EXERCISE INSTRUCTIONS
Should the entries contain pictures, leave them out and return exactly the lines from the first through the line holding "Pair of gold-toned".

Captioned web images
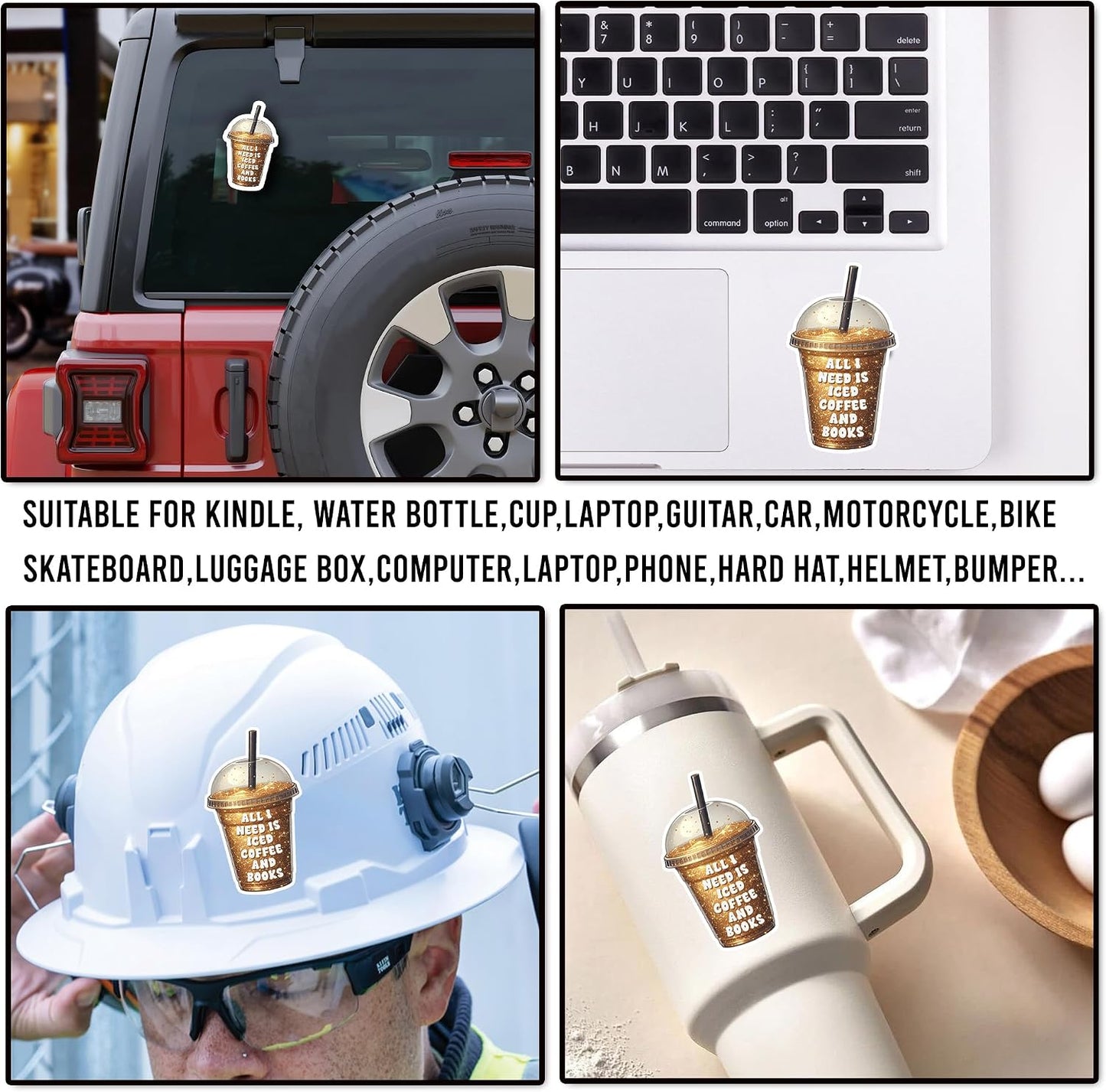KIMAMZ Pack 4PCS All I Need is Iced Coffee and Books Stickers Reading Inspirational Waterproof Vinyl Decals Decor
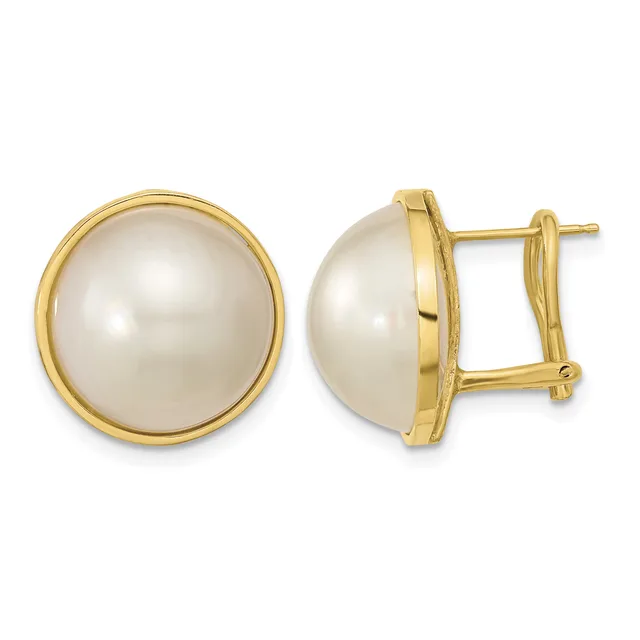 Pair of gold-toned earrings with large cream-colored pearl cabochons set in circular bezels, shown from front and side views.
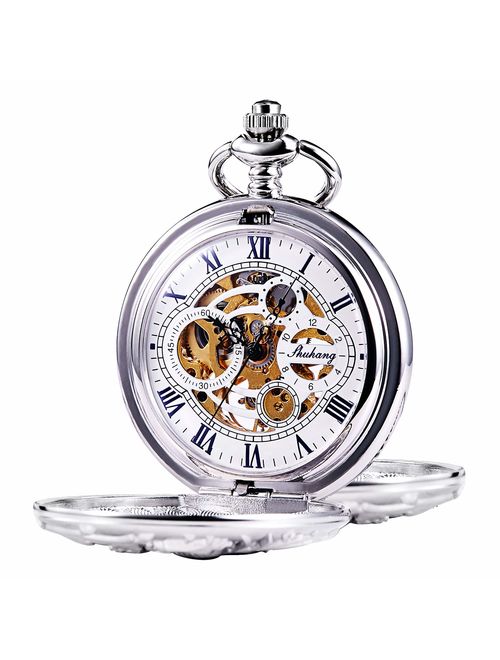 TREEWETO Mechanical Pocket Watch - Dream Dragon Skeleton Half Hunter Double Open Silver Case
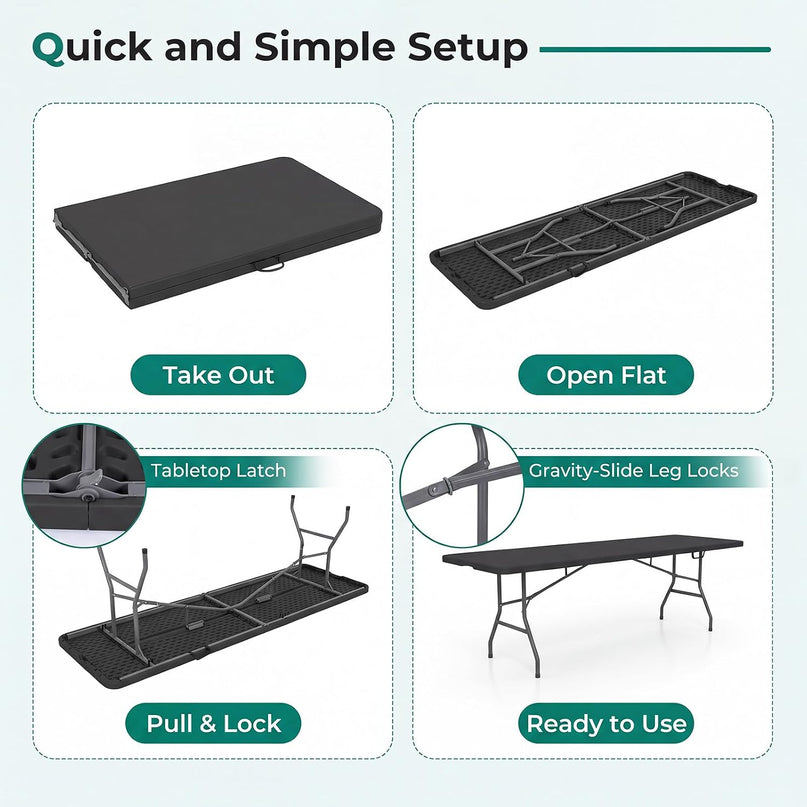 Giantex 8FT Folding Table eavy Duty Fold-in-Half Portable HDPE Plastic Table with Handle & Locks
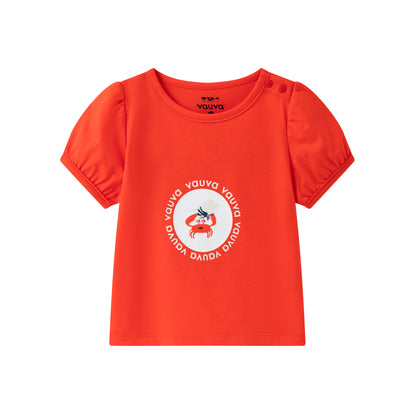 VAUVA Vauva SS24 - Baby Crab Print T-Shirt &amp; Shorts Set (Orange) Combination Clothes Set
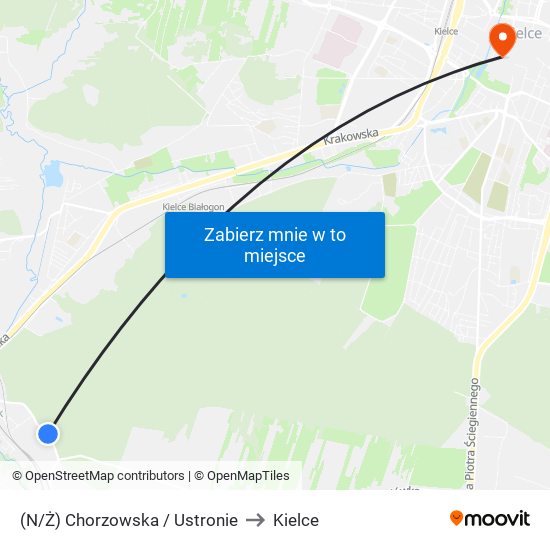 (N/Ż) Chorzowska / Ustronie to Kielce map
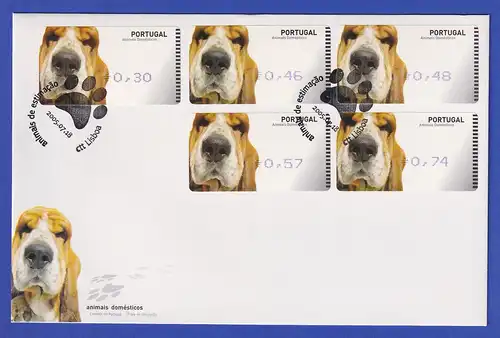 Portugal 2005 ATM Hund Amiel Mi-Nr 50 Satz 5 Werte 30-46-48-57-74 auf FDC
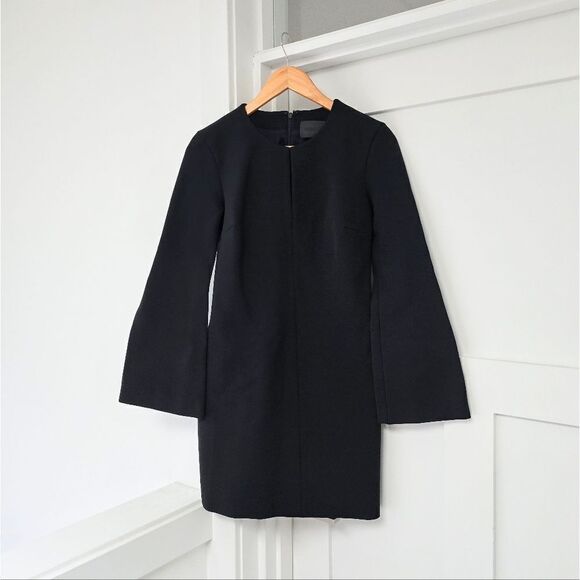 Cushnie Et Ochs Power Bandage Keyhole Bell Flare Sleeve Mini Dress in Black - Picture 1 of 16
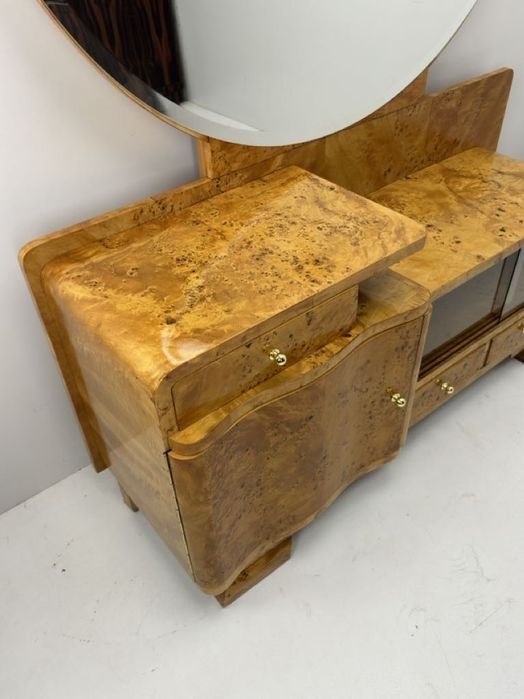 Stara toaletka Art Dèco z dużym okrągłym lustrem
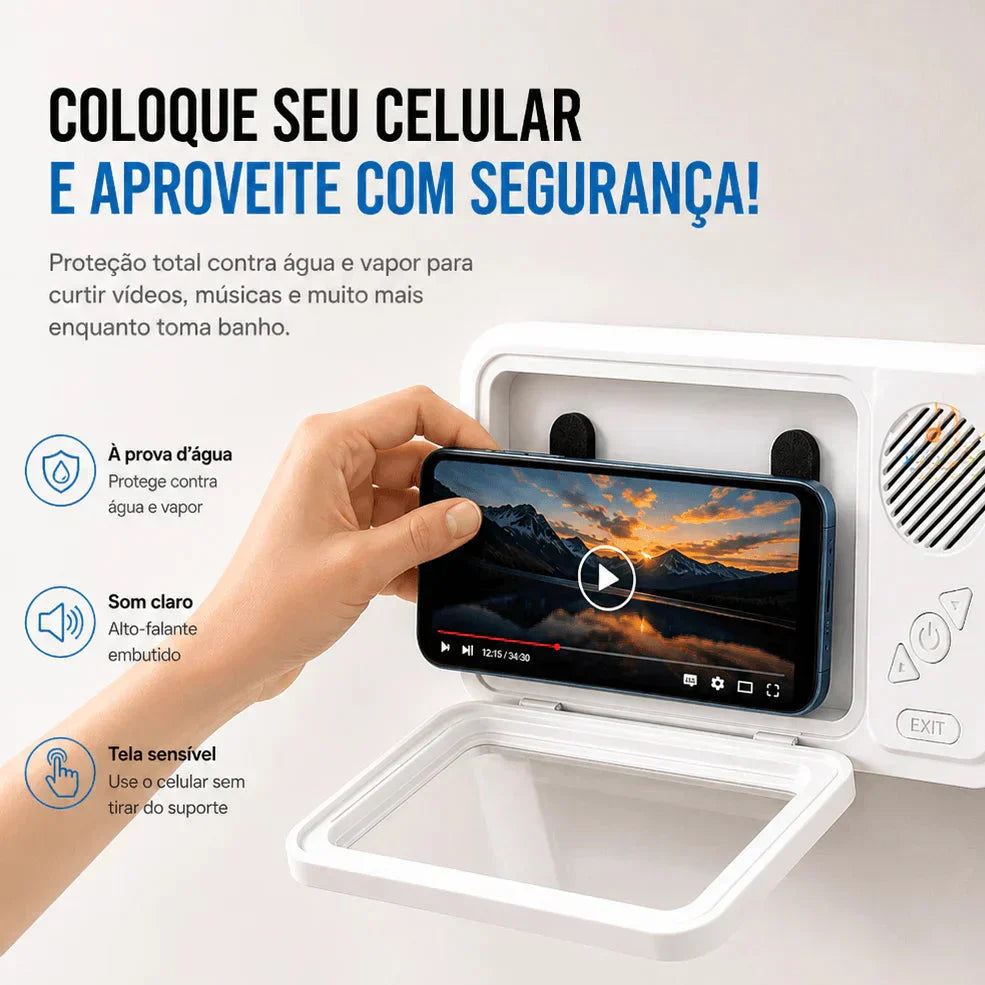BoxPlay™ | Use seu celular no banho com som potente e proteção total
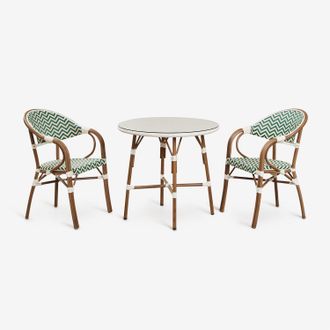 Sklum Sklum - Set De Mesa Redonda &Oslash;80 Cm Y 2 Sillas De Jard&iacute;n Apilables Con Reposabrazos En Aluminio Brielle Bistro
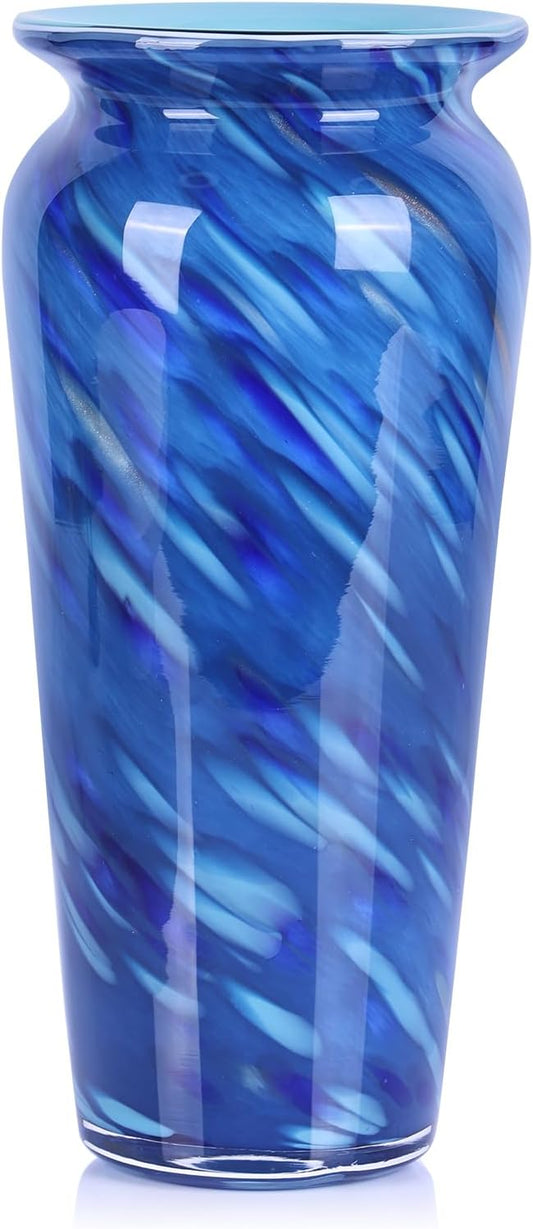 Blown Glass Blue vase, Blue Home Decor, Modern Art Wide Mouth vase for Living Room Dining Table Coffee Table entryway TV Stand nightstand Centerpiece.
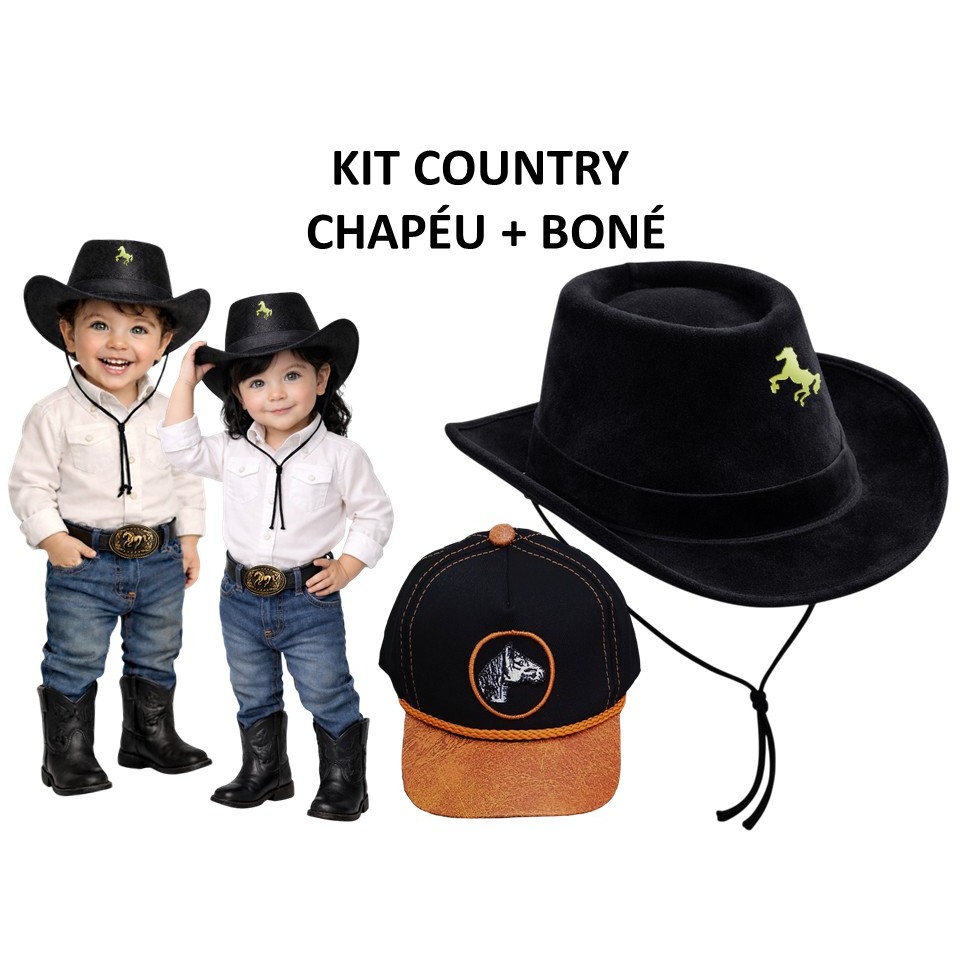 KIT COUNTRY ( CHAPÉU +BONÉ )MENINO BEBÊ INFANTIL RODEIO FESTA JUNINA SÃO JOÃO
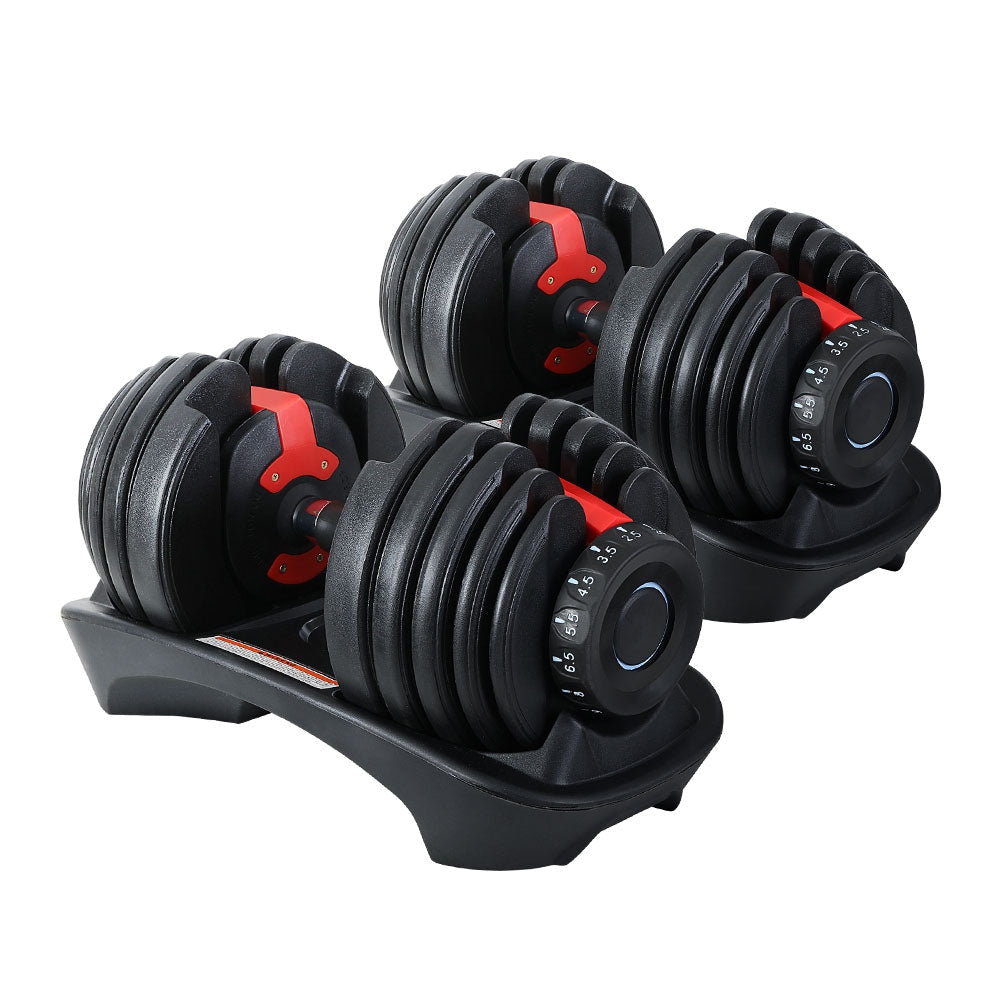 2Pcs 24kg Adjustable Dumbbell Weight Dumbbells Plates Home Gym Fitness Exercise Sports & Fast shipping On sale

ANSWER
KIMAMZ Pack 4PCS All I Need is Iced Coffee and Books Stickers Reading Inspirational Waterproof Vinyl Decals Decor
 Pair of gold-toned earrings with large cream-colored pearl cabochons set in circular bezels, shown from front and side views.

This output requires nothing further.